Consider a 2 dimensional annulus whose radii are a<b. Its total charge is Q and is uniformly distributed over all its surface. The annulus rotates around its center at an angular velocity w.

This situation is equivalent of having a set of annulus of width dr and radii r (a<r<b), each one with a current di.

1)Calculate di in function of r.

2)Calculate the magnetic field in the center of the annulus.

**2. Relevant equations**

None given.

**3. The attempt at a solution**

2) is easy once I have 1).
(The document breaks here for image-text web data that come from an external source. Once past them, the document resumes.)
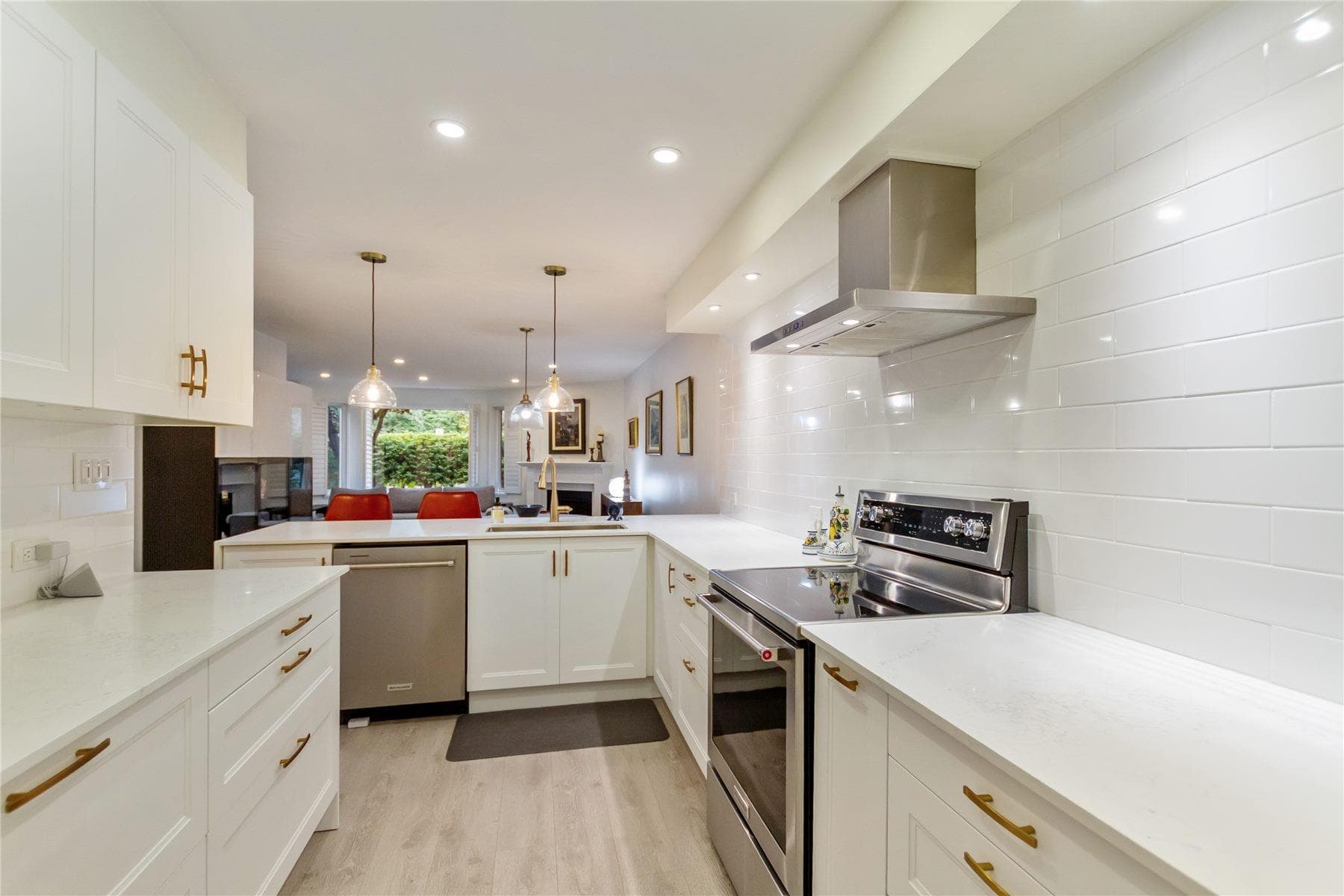 107 - 15300 17 Avenue, Surrey, V4A 8Y6 — photo 4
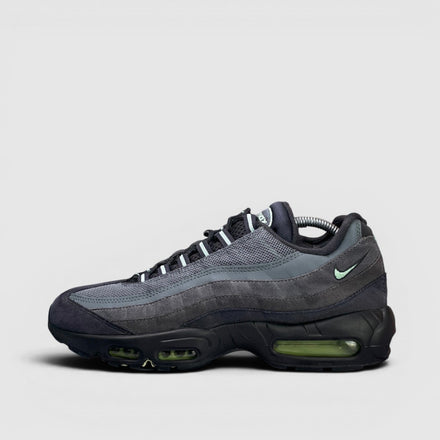 Nike Air Max 95 Vapor Green — buty sportowe męskie w bardzo dobrym stanie rozmiar 44, boczny profil, lewa strona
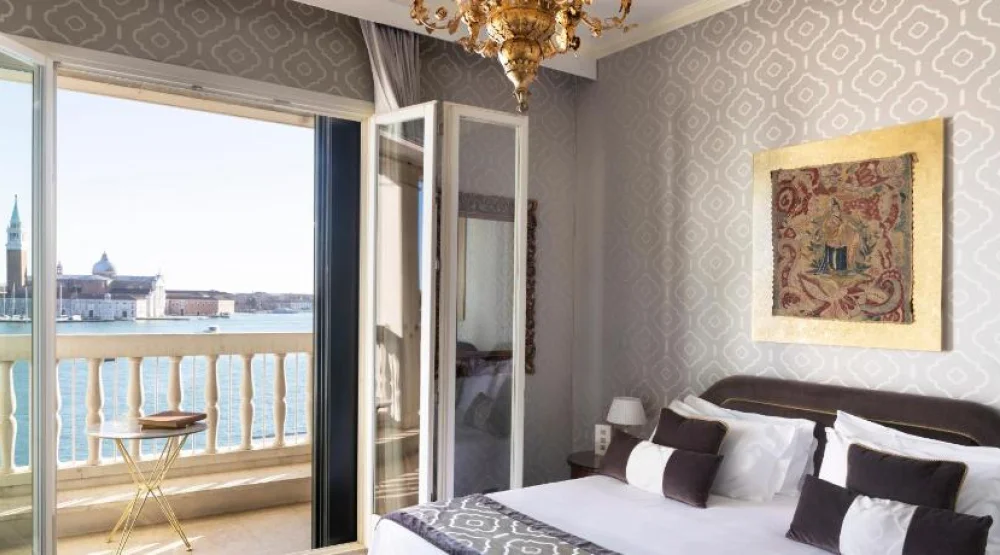 Junior Suite with Lagoon View and Terrace at Londra Palace Venezia
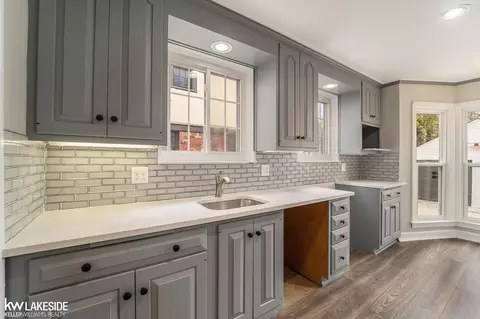 361 Mckinley, Grosse Pointe Farms, MI 48236 photo 9
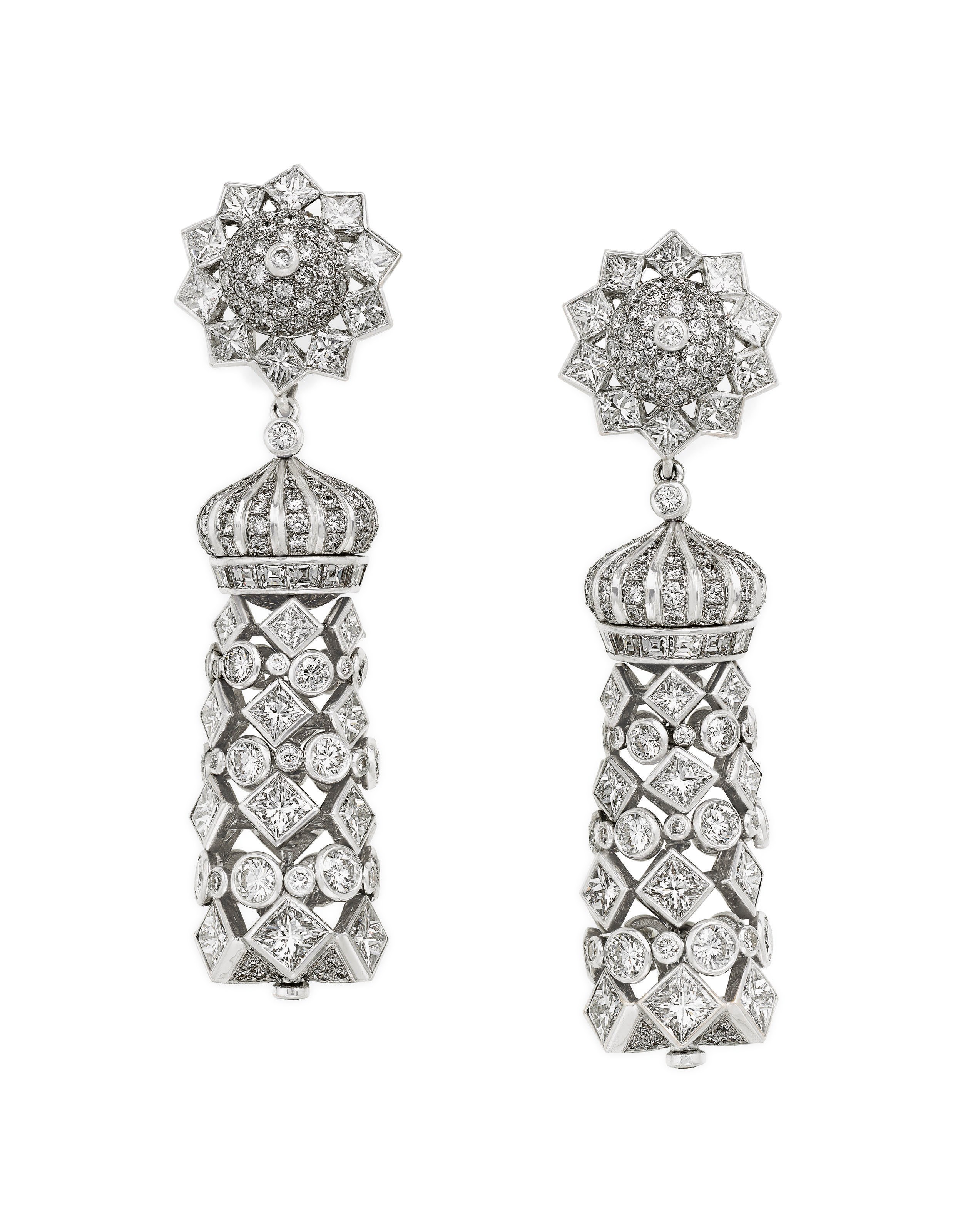 DIAMOND EARRINGS, GRAFF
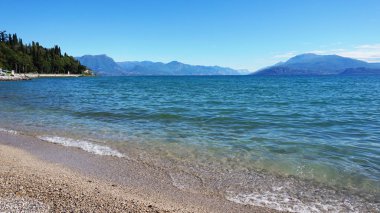 Büyük Lake Garda görünümünden Sirmione beach Lido delle Bionde, İtalya  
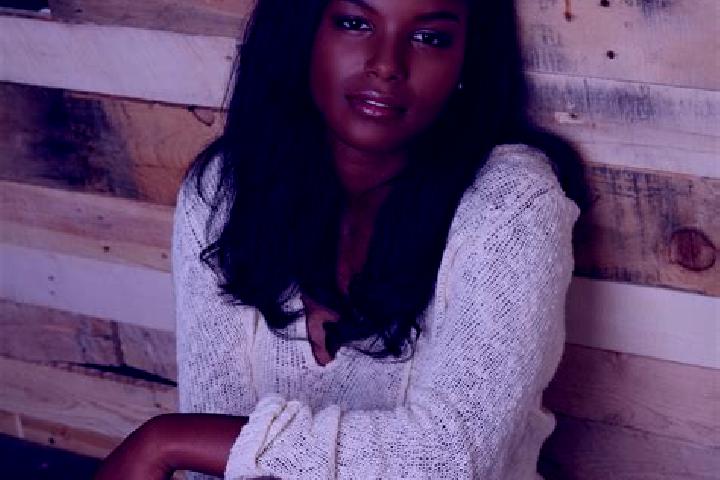 Sage, 30, a chestnut dark-eyed ebony companion based in Pasirgeulis. Offering Deep French Kissing, Duos, Erotic Massage, Party Girl. Available for incall and...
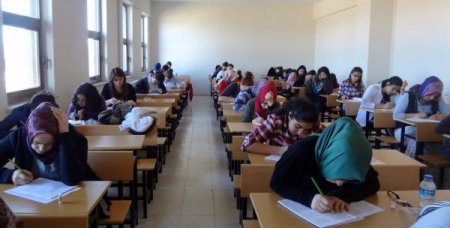 Üniversiteye Hazırlanan Öğrencilere Sınav Provası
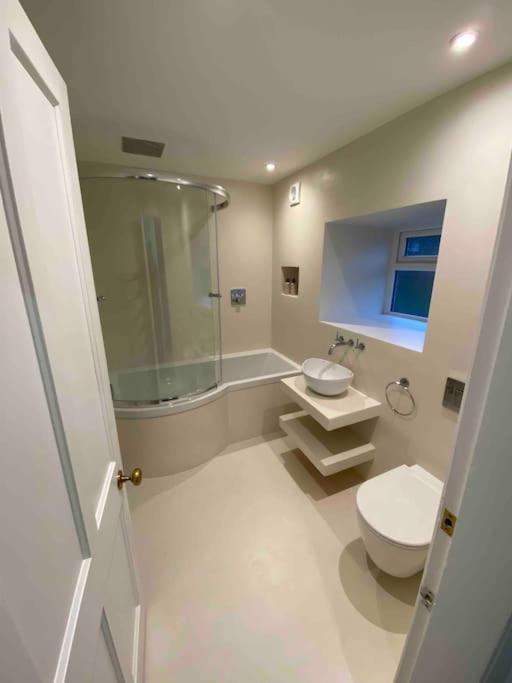 Three-Bedroom House photo 3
I'd apply Ampere's law once I'd have calculated the total current generated by the rotating annulus.

So I'm stuck on part 1).

What I did : [tex]Q=\pi (b^2-a^2)\sigma[/tex], where [tex]\sigma[/tex] is the charge density of the annulus.

Charge of differential annulus : [tex]q=2\pi r dr \sigma[/tex]. (Though I don't know why it wouldn't be [tex]2\pi ((r+dr)^2-r^2)[/tex].)

[tex]v=\omega r[/tex],

The current of a differential annulus is [tex]i=\frac{dq}{dt}=\frac{2\pi r dr \sigma}{dt}[/tex] but [tex]\frac{dr}{dt}=v[/tex]. Hence [tex]i=2\pi r v \sigma[/tex].

Now I wonder, the i of a differential annulus is the "di" they're talking about?

Oh yes it is!

Well, I replace [tex]\sigma[/tex] by [tex]\frac{Q}{\pi (b^2-a^2)}[/tex] and I get [tex]di=\frac{2rvQ}{(b^2-a^2)}=\frac{2r^2 \omega Q}{(b^2-a^2)}[/tex].

Did I got it right?

2)I enclosed [tex]= \frac{(b^3-a^3)}{3}\cdot \frac{2 \omega Q}{b^2-a^2}[/tex] of the entire annulus.

[tex]B\cdot 2\pi b=\mu _0 I_{\text{enclosed}}[/tex].

Have I done right this?